One time I was flying on a plane to the island of Trinidad for a mission trip. I was in the aisle seat and the middle and window seat were occupied by a couple that lived there. Assuming that I wasn’t a native, they asked me where I was staying and started telling me about the best spots a tourist could visit. They seemed so excited about helping me have a good time as they told me about the best beaches and restaurants. They then asked me what I was doing on the island. This is when any Christian should be rolling with excitement because in this situation the conversation is teed up to talk about the Gospel. To my own shame, instead of excitement I felt some anxiety. Maybe it’s because the wife looked to be of Indian descent and I knew that most Indian’s on the island are Hindu. I had a sinking feeling that they wouldn’t want to talk about why I was there. Nevertheless, I told them what we were doing. In the conversation I found that the lady had grown up Hindu and the man was agnostic. They told me of some of the charitable things they had done, but their demeanor indicated that they were uncomfortable talking about this subject. I guessed they agreed that you don’t discuss religion or politics.
When I think about this story, 2 Timothy 1:7 comes to mind. It states, “For God gave us a spirit not of fear, but of power and love and self-control.” If you have time, go read v. 8-12 as well. My conviction is that even though I tried to do what I was supposed to, apprehension was still present. In other words, why did my mind processing that they might be unbelievers lead me to feel uncomfortable instead of excited at the opportunity to share the news that may change their lives?

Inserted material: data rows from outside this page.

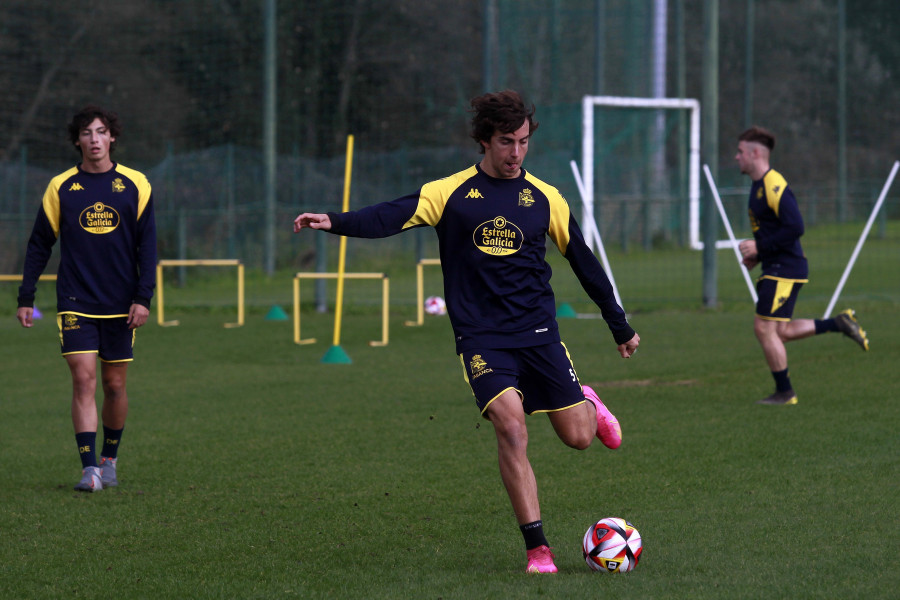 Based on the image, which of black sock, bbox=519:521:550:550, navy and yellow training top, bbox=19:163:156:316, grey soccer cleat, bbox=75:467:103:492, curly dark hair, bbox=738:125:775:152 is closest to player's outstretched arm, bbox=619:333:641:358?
black sock, bbox=519:521:550:550

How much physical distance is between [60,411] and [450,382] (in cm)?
332

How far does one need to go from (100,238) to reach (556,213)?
286 cm

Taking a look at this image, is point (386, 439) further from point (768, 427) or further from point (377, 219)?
point (377, 219)

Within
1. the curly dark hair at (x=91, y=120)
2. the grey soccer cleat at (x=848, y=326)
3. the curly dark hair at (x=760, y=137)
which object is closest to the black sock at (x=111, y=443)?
the curly dark hair at (x=91, y=120)

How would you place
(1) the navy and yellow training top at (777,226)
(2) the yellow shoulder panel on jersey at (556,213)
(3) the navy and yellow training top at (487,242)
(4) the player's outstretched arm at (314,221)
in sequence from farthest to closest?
(1) the navy and yellow training top at (777,226) < (2) the yellow shoulder panel on jersey at (556,213) < (3) the navy and yellow training top at (487,242) < (4) the player's outstretched arm at (314,221)

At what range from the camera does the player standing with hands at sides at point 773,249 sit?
894 centimetres

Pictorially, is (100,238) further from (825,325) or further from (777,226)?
(825,325)

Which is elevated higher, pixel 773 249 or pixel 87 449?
pixel 773 249

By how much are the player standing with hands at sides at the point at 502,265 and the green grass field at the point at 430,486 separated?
68 centimetres

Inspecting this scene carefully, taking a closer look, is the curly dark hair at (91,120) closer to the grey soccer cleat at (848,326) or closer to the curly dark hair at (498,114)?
the curly dark hair at (498,114)

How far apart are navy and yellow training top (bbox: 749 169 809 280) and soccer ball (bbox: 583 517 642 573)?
4748 mm

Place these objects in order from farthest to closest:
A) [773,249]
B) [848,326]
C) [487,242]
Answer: [848,326], [773,249], [487,242]

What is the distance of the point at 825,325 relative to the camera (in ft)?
33.6

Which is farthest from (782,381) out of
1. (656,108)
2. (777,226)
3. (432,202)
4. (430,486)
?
(656,108) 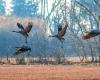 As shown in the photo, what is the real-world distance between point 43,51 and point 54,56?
0.97 m

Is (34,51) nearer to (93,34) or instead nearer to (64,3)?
(64,3)

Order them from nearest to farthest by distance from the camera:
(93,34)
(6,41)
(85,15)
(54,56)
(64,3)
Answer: (93,34), (54,56), (64,3), (85,15), (6,41)

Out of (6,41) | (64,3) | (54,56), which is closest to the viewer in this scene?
(54,56)

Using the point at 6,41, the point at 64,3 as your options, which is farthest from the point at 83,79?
the point at 6,41

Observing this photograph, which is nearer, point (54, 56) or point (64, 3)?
point (54, 56)

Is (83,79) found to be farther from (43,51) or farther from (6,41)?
(6,41)

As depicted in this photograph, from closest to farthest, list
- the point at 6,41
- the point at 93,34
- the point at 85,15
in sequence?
the point at 93,34 < the point at 85,15 < the point at 6,41

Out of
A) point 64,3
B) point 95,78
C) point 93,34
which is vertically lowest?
point 95,78

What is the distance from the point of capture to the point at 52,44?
40500 mm

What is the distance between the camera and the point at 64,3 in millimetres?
38219

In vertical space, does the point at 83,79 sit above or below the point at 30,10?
below

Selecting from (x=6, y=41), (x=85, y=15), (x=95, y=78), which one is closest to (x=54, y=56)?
(x=85, y=15)

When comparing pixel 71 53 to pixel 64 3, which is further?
pixel 71 53

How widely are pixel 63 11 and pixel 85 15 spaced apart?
2.94m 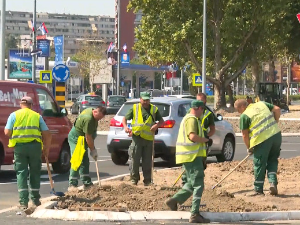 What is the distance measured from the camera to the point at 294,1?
2040 inches

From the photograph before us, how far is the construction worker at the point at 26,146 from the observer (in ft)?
39.9

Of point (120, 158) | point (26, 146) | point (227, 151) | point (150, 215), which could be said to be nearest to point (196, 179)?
point (150, 215)

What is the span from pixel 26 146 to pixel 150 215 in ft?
7.51

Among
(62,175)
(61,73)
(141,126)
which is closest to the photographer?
(141,126)

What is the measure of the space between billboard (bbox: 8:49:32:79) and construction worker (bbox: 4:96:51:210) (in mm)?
45592

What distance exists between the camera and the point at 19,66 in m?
59.2

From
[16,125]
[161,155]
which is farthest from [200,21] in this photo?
[16,125]

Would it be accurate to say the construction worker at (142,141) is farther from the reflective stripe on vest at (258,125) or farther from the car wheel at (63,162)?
the car wheel at (63,162)

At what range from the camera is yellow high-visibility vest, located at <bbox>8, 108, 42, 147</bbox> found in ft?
39.9

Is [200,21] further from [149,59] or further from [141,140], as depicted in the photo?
[141,140]

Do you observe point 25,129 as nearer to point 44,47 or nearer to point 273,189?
point 273,189

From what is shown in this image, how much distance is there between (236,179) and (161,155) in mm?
4405

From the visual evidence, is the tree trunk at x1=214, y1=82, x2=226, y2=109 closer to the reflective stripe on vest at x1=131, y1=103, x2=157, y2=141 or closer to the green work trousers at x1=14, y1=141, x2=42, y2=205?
the reflective stripe on vest at x1=131, y1=103, x2=157, y2=141

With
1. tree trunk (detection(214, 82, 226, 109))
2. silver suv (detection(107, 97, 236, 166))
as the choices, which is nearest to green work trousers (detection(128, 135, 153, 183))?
silver suv (detection(107, 97, 236, 166)) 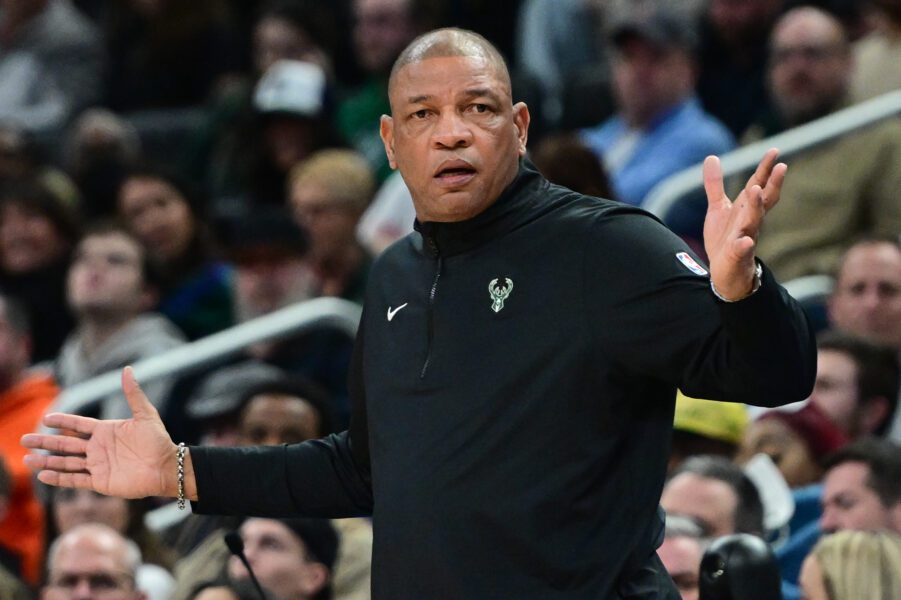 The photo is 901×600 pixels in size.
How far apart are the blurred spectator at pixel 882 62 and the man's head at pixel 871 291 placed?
102 cm

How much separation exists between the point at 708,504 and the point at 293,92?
375 centimetres

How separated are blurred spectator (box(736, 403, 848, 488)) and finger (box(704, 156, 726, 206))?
2.91m

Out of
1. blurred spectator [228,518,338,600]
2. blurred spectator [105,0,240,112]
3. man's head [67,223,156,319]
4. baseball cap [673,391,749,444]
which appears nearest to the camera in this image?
blurred spectator [228,518,338,600]

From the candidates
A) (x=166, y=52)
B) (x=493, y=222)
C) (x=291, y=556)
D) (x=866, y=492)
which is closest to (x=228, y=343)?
(x=291, y=556)

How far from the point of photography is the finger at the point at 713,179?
271 cm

I believe that the reason we often feel fear is because identifying ourselves as Christians is polarizing and it puts us at risk, especially in a society that is trending to be more combative towards the Gospel. No one wants a target on their back and in today’s religious climate you can be characterized as unloving and hateful if you try to present your beliefs as superior to someone else’s. Boldly proclaiming Christ can be costly.
But can I say that it comes at a much greater cost to remain silent? Dietrich Bonhoeffer, famous for his Christian faith during the Nazi regime, says, “Silence in the face of evil is itself evil: God will not hold us guiltless. Not to speak is to speak. Not to act is to act.” People must be told of the consequence of sin. People must be told of the salvation that comes in Christ. People must be told of the whole counsel of God revealed in His word. The cost is too great not too. So speak out in love. Speak out according to the leading of the Holy Spirit. But please speak out. May we not shrink back, but have full confidence in the power of the Holy Spirit that enables us to testify boldly of what we know to be true.